На ночлег я стал на холмах над железной дорогой. В ясном вечернем воздухе хорошо был виден верстах в трех от нас наступающий 2-й полк, перед ним — бронепоезд красных. Мы оказались у него в тылу. Подрывники взорвали полотно. Бронепоезд полным ходом стал отступать от нас, но он должен был остановиться у взорванной стрелки. Наша 1-я батарея открыла беглый огонь, а мы пошли на него в атаку. Под огнем красные выскакивали под откос; многих перебили, кое-кому удалось бежать.

Мы подошли к бронепоезду. Его стенки были нагреты выстрелами, над железными площадками волоклась гарь. Помятые фуражки с красными звездами, тряпье, патронные гильзы были разбросаны по железному полу. Желтый мертвец, перегнувшись надвое, закостенел у пушки.

Патронами мы завалили наши патронные двуколки. Я распорядился снять с бронепоезда пулеметы и замки с пушек, а командиру 2-го полка послать донесение с просьбой вывезти взятый трофей. От 2-го полка подошли разъезды, и я ушел к себе на холмы.
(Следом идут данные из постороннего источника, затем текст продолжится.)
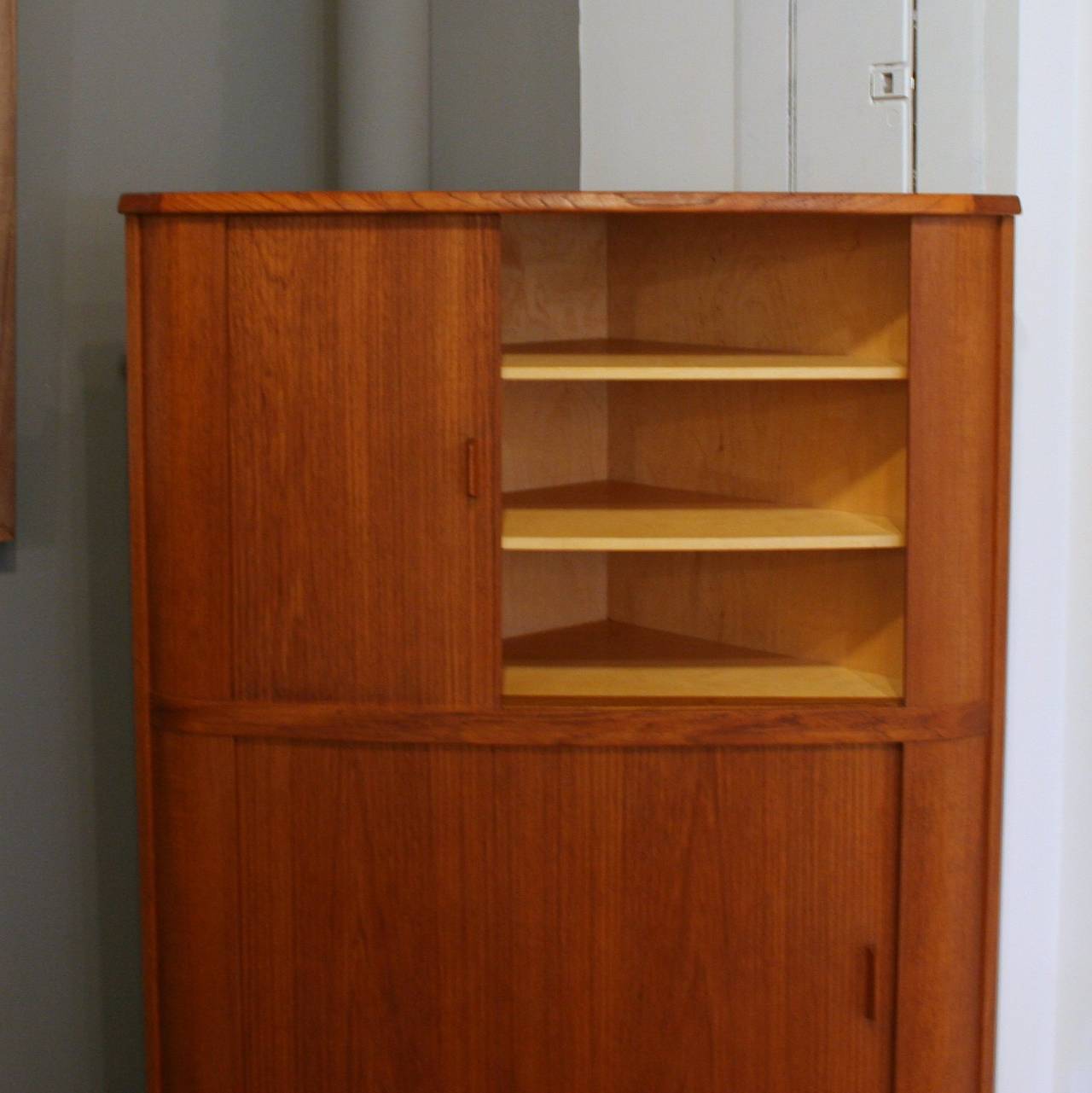 A lovely storage piece for the corner, this cabinet crafted in teak features smooth-gliding tambour doors and a rich wood grain. Supported by solid turned teak legs, with adjustable interior shelving, this piece makes a stunning liquor cabinet or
На рассвете, проснувшись, я первым делом посмотрел в окно, откуда были видны рельсы и станция. Курился низкий пар. Опрокинутая броневая площадка, румяная от пара, торчала у рельсов. А бронепоезд исчез! Как наваждение: был и нет. Я даже протер глаза.

Вскоре у нас стояло свирепое цуканье. Оказывается, разъезды 2-го полка отошли ночью со станции, а туда с погашенными огнями бесшумно подошел вспомогательный поезд красных. Кое-как они починили стрелку, вывели бронепоезд, а нам на разбитой броневой площадке оставили на память размашистую надпись мелом:

Москва — Воронеж — черт догонишь!

Только вместо «черт» словечко было покороче и покрепче.

Так мы прозевали целый бронепоезд. Зато на наши сторожевые охранения, занявшие оба моста перед Сумами, наехал в ту ночь чуть ли не со всем штабом командир батальона красных курсантов.

Он со звоном катил на тройке. Наш часовой окликнул:

— Стой! Кто идет?

Комбат, не вовсе трезвый, ответил бранью. На мост высыпал караул, тройку окружили. Комбат, как и я на рассвете, долго протирал глаза: никак не верил, что на мосту белые. Там должны были стоять сумские красные курсанты.

Утром красные курсанты довольно слабо отбивали нашу атаку. Мы обошли Сумы на подводах, ударили с подвод на подходивший красный полк, и Сумы были взяты. Батальон переночевал в городе. Туда стянулся 2-й полк.

Мой батальон снова перешел в наступление. Мы заняли станцию Ворожбу, село Искровщину. У села Терны 6 сентября красные прорвали фронт левее нас. Наш отряд с кавалерией остановил прорыв. В отряде был 1-й батальон, дивизион 2-го гусарского Изюмского полка, взвод 1-й батареи под командой капитана Гулевича и одна гаубица. Ударом в тыл мы захватили село, обоз, пленных и под Чемодановской уничтожили отряд красной конницы. Я получил приказ наступать на Севск.

С мая, когда мы поднялись на Бахмут, в то жаркое лето в облаках пыли, иногда в пожарах, в облаках взрывов, засыпаемые сухой землей, теряя счет дням и ночам, мы вели как бы одну неотступную атаку. Иногда мы шатались от ударов в самую грудь, но, передохнув, снова шли вперед, как одержимые. Мы и были одержимые Россией.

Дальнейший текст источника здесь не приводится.